Not long after the second round of chemo, Mom got a phone call from one of Dad’s best friends from the small town in Missouri where my parents used to live. Dad’s friend said that he was going to come over to visit Dad. Other friends had offered to visit many times since Dad had gotten sick, but up until that point we had declined their offers for several reasons, most notably that we were concerned that contact with others could impact his health both physically and emotionally. We’d been warned by the oncologist about the dangers of germ exposure for a person on chemo. Another concern was that Dad’s problems with memory and reasoning would travel like wildfire through the gossip lines and reach his coworkers and his clients, which would be a source of embarrassment to him. Because of the logistics of caring for him while he was sick, Dad didn’t have a lot of privacy, and we felt strongly that we should do what little we could to protect him.
But this friend wouldn’t take no for an answer. He insisted that he just wanted to check in but assured us that he wouldn’t stay long. We were worried that Dad’s friend would not be able to hide his shock when he saw the changes that were so apparent in Dad. As much as possible, those of us who were around regularly were striving to act as if it was no big deal that Dad had to use a walker to get around the house and that he needed reminders about what day of the week it was or the fact that he wasn’t going back to work the next day.
On the day of the visit, Mom and my sister helped Dad get ready, and he was seated in his chair in the den when his friend arrived. The conversation flowed without too much of a hitch, and, after about 30 minutes, Dad got up to go to the bathroom (of course, without waiting for help). He used his walker to slowly make his way down the hallway, and his friend didn’t miss a beat; he expertly disguised the shock and sadness he must have felt to see such drastic changes in the man with whom he used to share the course of their weekly Saturday morning twenty-mile runs. When Dad resumed his position in his recliner, they visited for a while longer and then his friend said he had to go. Dad was both exuberant and exhausted afterwards; he lied down on his bed to “rest his eyes” with a big smile on his face.
Of all the memories I have from during the time surrounding Dad’s illness and subsequent death, this is one of the ones that is guaranteed to make me sad to the core every time it pops into my head:
Late one night when I was sitting up with Dad several weeks into his illness, he abruptly changed the subject from whatever we were talking about by saying “I don’t even have any friends.”

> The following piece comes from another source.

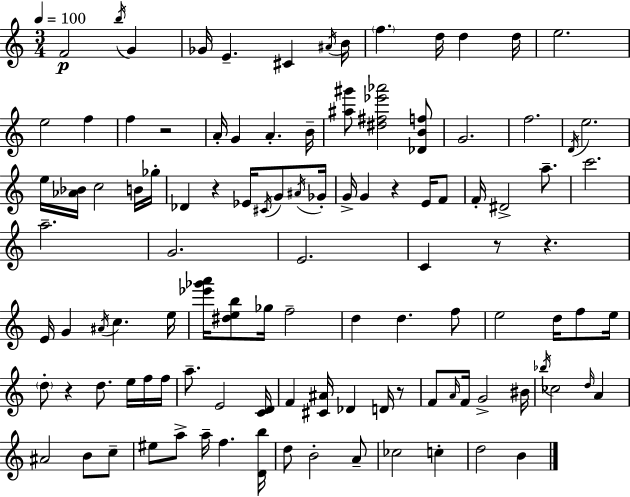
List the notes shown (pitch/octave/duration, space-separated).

F4/h B5/s G4/q Gb4/s E4/q. C#4/q A#4/s B4/s F5/q. D5/s D5/q D5/s E5/h. E5/h F5/q F5/q R/h A4/s G4/q A4/q. B4/s [A#5,G#6]/e [D#5,F#5,Eb6,Ab6]/h [Db4,B4,F5]/e G4/h. F5/h. D4/s E5/h. E5/s [Ab4,Bb4]/s C5/h B4/s Gb5/s Db4/q R/q Eb4/s C#4/s G4/e A#4/s Gb4/s G4/s G4/q R/q E4/s F4/e F4/s D#4/h A5/e. C6/h. A5/h. G4/h. E4/h. C4/q R/e R/q. E4/s G4/q A#4/s C5/q. E5/s [Eb6,Gb6,A6]/s [D#5,E5,B5]/e Gb5/s F5/h D5/q D5/q. F5/e E5/h D5/s F5/e E5/s D5/e R/q D5/e. E5/s F5/s F5/s A5/e. E4/h [C4,D4]/s F4/q [C#4,A#4]/s Db4/q D4/s R/e F4/e A4/s F4/s G4/h BIS4/s Bb5/s CES5/h D5/s A4/q A#4/h B4/e C5/e EIS5/e A5/e A5/s F5/q. [D4,B5]/s D5/e B4/h A4/e CES5/h C5/q D5/h B4/q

“Oh Dad, you are wrong,” I said, with tears in my eyes, “and I wish you knew just how wrong.”
With his eyes wide in amazement, he said incredulously, “I am?”
“Yes, Dad,” I told him, “I know you are usually the one who knows best about a lot of issues, but you have to believe me when I tell you that you have more friends and more people who love and respect you than anyone else I know.”
“OK, I hope you’re right, because it’s really important to have friends,” he said, and then he drifted off to sleep.
I’ll never know if he fully believed me or otherwise realized the depth of the truth to what I said that night. In something that I think we could only have seen in hindsight in our situation, I wish so much that we had encouraged any of Dad’s friends who were so inclined to visit while he was sick. Being a true friend was one of the many things at which he excelled, and he needed to know beyond a shadow of a doubt that his friends were rooting for him as he fought, that the many people who cared about him were there for him in the shade as well as in the sunshine, and that those who knew him were changed for the better for having known him.